Pour cette dernière saison, Alain Perroux annonce en particulier un “fil shakespearien”, avec notamment une adaptation chorégraphique d’Hamlet du 30 janvier au 13 février. On retrouvera dès le 29 octobre, du dramaturge anglais, Otello dont Verdi fit un grandiose opéra. Le général vénitien pense que son épouse Desdémone le trompe avec son lieutenant Cassio. Conscient de cette jalousie maladive, son autre lieutenant, Iago, cherche la vengeance et le pouvoir en le confortant dans cette haine. Otello sonnait le grand retour de Verdi à l’opéra, seize ans après Aïda. Ces “élégances harmoniques et sonorités orchestrales” comme dira George Bernard Shaw, sondent l’âme tourmentée d’Otello, chef de guerre terrassé par ses propres démons. Avec le librettiste Boito, Verdi supprimera le premier acte à Venise pour se concentrer sur Chypre, se passant aussi de plusieurs personnages secondaires. Sans prélude ni ouverture, l’opéra débute sur une tempête et donne d’emblée le ton. Tornade en pleine mer ou tourbillon au sens figuré en ces temps de guerre, complots (Iago souhaite notamment à Otello de périr en mer), cette œuvre de Verdi vaut surtout pour son trio maudit à l’intensité dramatique légendaire : Otello, Desdémone et Iago.

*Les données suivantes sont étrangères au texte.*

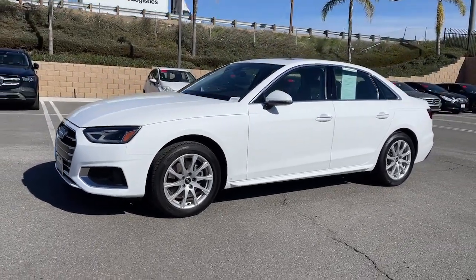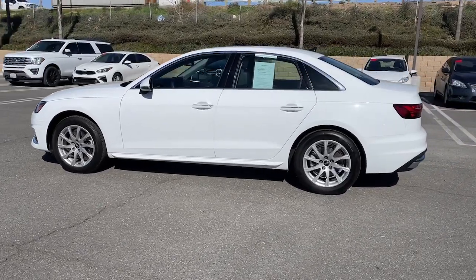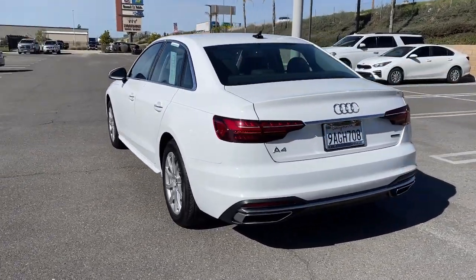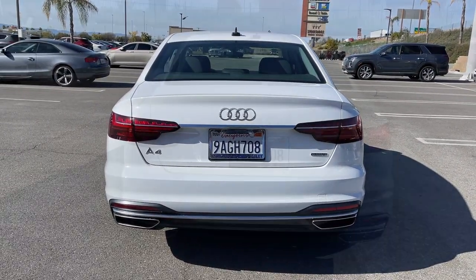Look no further than the 2022 Audi A4. With less than 10,000 miles on the odometer, this vehicle stands out from the rest. What's safe, beautiful, and delivers powerful performance? The A4.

La saison chorégraphique de l’OnR débutera quant à elle le 18 septembre sur le programme En regard, conviant deux artistes qui se sont rencontrés au sein de la Batsheva Dance Company : Sharon Eyal en tant que chorégraphe attitrée de la compagnie israélienne et Léo Lérus, qui était interprète à l’époque. Le Ballet de l’Opéra national du Rhin les a invités à concevoir à quatre mains le diptyque En regard pour faire dialoguer leurs univers respectifs. The Look (2019) de Sharon Eyal, qui entre au répertoire du ballet, s’inspire d’un mantra de Gandhi autour de la résilience face à l’oppression. Si un grand élan collectif est insufflé par 18 danseurs, Ici de Léo Lérus se veut plus intimiste et va puiser dans les racines guadeloupéennes de ce dernier, pour évoquer l’esclavage. Une pièce plus introspective également, mêlant Gwoka (danse traditionnelle guadeloupéenne) et esthétiques contemporaines.